Really should checkout the Elastic Aggregations documentation, it's great:
In short, the format is something like this
"aggregations" : {
"<aggregation_name>" : {
"<aggregation_type>" : {
<aggregation_body>
}
[,"meta" : { [<meta_data_body>] } ]?
[,"aggregations" : { [<sub_aggregation>]+ } ]?
}
[,"<aggregation_name_2>" : { ... } ]*
}
N-grams, give us a window on a word. E.g. N-gram of length 1: j,o,h,n,s,m,i,t,h N-gram of length 2: jo,oh,hn,sm,mi,it,th N-gram of length 3: joh,ohn,smi,mit,ith N-gram of length 4: john, smit, mith
Great for partial matching.
But not so great for auto complete, for this we need to use "Edge N-grams" (anchored N-grams)

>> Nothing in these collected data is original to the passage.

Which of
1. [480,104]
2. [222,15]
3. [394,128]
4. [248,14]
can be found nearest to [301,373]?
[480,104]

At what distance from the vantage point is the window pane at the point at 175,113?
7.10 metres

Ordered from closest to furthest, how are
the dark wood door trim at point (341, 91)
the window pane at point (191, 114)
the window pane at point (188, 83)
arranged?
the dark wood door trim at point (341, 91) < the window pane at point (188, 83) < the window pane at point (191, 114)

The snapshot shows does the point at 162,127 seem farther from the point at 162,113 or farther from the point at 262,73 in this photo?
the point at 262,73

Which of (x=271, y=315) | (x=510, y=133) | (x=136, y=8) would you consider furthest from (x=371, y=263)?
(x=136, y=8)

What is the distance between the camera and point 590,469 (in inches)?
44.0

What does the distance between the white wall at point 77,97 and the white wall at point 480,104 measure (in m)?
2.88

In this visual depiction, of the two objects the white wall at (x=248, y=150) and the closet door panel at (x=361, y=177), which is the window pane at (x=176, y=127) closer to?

j, jo, joh, john, s, sm, smi, smit, smith
Perfect for the purpose of autocompletion.
Step 1: Setup N-gram
{
"filter" : {
"autocomplete" : {
"type" : "edge_ngram",
"min_ngram" : 1,
"max_ngram" : 20
}
}
}
Step 2: Setup analyzers
{
"analyzer" : {
"name" : {
"type" : "standard",
"stopwords" : [] // we don't want stopwords so we don't endup removing 'A' from the likes of 'A A Miller'
},
"name_autocomplete" : {
"type" : "custom",
"tokenizer" : "standard",
"filter" : ["lowercase","autocomplete"] // we're refercing the autocomplete filter we created in the first step.
}
}
}
Step 3: Now that we've defined the analyzers, we need to apply them to the name field:
Previously, the name field was {"name": {"type" : "string"} }
, but now that we want to use the name field in two different ways, we need to declare it as a a multifield:
{
"name" : {
"type" : "multifield",
"fields" : {
"name" : { "type" : "string", "analyzer" : "name" }, // the name analyser is the analyzer we created in previous step.
"autocomplete" : {
"type" : "string",
"index_analyzer" : "name_autcomplete", // in the index we want to store j, jo, joh, john
"search_analyzer": "name" // but in the search, we want to only search based on what ther user last typed in (i.e. just joh not j,jo,joh)
}
}
}
}
Step 4: DEL /indexName
Step 5: Recreate the index with our new settings and mappings:
{
"settings" : {
"analysis" : {
"analyzer" : { ... },
"filter" : { ... },
}
},
"mappings" : {
"tweet" : {
"properties" : { ... }
}
}
}
Now, we need to do the autocomplete...
At its simplest, we can do this:
{
"match" : {
"name.autocomplete" : "john smi"
}
}
But, we should find a way of boosting results where there are full matches (john) in addition to the n-gram matches (smi)
{
"bool": {
"must": {
"match": {
"name.autocomplete": "john smi"
}
},
"should": { // if the criteria meets this, it gets extra points, it will because john matches
"match": {
"name": "john smi" // note we're checking against the name field, not name.autocomplete, so only john will match
}
}
}
}